Work request – Report every line of the entries that contains the word "Pants".

── Supplied entries

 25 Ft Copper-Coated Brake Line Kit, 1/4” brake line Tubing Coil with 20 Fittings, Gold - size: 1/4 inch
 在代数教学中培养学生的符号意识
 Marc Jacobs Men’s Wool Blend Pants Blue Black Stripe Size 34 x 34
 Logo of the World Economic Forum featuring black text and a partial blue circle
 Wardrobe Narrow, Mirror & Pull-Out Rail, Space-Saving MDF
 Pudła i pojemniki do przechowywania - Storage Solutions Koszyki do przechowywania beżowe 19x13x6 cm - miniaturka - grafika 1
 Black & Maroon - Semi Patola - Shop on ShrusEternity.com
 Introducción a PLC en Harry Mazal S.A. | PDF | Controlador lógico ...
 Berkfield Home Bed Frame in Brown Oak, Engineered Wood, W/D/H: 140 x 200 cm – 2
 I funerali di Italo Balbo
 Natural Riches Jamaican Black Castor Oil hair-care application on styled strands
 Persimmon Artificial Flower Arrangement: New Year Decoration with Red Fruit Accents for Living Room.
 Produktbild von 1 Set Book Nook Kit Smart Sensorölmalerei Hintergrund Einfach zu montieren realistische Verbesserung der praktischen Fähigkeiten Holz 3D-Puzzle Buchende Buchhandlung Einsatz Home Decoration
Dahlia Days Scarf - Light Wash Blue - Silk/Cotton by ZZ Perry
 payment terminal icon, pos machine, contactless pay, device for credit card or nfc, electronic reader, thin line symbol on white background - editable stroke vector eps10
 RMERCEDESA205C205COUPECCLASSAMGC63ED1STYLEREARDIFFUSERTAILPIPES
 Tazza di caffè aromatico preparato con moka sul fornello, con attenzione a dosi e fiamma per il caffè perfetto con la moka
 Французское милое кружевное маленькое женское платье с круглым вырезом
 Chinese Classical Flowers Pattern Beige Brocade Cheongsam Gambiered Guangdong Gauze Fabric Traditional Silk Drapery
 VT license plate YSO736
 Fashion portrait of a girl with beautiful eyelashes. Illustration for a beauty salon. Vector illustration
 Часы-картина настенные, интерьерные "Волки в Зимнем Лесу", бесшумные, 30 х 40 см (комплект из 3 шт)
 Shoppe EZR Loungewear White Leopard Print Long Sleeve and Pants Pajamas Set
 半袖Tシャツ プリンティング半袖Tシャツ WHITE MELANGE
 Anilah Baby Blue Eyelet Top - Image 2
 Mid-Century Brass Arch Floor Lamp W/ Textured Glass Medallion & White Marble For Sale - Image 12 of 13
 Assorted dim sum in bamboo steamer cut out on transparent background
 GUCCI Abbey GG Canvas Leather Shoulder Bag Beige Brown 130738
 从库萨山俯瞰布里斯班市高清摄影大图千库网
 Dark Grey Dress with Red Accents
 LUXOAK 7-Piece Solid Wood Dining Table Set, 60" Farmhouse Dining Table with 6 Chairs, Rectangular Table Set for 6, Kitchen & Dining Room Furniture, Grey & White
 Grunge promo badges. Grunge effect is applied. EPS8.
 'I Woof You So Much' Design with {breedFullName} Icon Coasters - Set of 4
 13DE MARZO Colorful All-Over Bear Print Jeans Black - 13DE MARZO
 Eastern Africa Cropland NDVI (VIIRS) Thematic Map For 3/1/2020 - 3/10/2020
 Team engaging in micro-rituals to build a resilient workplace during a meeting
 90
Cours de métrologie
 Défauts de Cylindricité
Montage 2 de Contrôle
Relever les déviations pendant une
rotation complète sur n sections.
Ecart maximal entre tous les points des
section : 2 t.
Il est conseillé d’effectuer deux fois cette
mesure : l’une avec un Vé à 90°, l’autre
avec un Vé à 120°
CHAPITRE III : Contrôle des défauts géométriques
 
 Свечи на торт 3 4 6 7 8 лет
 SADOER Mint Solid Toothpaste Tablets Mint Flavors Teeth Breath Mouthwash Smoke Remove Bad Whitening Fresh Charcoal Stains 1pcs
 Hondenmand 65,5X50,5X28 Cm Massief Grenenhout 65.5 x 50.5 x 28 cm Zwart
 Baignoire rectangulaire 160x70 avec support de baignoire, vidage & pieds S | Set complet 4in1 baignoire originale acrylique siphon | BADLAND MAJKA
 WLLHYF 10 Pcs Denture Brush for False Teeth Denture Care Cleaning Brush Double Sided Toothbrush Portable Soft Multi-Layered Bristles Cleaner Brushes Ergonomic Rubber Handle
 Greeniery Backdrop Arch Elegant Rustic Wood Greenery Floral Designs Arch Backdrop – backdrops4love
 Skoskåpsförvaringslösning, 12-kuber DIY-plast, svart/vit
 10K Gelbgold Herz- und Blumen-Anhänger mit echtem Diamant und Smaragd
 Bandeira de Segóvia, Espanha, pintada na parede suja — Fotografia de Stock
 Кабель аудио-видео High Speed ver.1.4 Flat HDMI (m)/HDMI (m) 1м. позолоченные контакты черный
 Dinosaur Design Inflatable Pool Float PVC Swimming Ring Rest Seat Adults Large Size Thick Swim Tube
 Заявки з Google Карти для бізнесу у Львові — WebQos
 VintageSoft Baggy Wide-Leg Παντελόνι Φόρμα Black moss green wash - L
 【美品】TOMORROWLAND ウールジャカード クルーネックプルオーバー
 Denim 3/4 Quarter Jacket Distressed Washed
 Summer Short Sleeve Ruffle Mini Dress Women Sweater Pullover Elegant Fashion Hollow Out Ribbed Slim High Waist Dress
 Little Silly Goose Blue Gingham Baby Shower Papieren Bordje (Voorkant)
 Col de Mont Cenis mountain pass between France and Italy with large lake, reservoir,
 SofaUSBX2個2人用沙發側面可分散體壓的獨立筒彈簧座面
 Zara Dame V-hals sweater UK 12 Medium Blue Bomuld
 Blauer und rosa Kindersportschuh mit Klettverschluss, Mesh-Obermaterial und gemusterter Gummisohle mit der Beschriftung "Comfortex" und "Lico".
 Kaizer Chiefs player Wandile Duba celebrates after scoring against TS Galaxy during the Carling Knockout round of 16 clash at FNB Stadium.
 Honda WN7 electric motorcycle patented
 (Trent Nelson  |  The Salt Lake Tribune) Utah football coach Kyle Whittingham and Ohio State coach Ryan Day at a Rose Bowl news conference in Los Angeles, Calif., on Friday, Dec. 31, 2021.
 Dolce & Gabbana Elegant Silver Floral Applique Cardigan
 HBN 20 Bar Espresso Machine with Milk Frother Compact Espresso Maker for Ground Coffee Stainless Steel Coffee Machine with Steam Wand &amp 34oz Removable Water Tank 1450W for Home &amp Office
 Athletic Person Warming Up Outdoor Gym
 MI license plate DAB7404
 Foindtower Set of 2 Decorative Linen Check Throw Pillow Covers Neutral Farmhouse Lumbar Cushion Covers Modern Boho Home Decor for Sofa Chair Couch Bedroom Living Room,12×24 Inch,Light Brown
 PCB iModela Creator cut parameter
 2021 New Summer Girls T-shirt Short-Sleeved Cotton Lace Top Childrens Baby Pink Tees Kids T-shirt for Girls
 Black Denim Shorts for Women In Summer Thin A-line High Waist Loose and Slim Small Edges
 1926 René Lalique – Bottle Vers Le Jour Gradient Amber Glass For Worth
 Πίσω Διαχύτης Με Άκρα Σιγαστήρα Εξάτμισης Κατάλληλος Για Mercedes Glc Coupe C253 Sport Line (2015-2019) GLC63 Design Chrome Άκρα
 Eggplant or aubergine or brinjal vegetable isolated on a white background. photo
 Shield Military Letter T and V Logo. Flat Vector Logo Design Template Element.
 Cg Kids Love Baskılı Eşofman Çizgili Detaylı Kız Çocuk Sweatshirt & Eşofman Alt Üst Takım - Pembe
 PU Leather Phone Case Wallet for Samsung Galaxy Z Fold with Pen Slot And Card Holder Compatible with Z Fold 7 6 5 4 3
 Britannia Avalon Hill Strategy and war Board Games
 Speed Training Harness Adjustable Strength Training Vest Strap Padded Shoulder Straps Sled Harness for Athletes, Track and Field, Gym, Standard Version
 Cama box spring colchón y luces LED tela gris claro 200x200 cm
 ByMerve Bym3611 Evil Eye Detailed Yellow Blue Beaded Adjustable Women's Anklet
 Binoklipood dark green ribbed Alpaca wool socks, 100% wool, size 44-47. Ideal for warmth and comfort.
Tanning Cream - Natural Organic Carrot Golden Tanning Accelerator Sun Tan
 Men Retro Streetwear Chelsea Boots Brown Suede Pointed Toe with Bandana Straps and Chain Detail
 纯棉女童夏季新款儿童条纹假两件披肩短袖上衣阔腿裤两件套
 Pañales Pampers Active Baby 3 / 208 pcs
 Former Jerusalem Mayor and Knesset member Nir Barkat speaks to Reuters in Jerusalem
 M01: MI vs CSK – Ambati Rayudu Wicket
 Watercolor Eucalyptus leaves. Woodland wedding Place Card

────

Worked solution –
 Marc Jacobs Men’s Wool Blend Pants Blue Black Stripe Size 34 x 34
 Shoppe EZR Loungewear White Leopard Print Long Sleeve and Pants Pajamas Set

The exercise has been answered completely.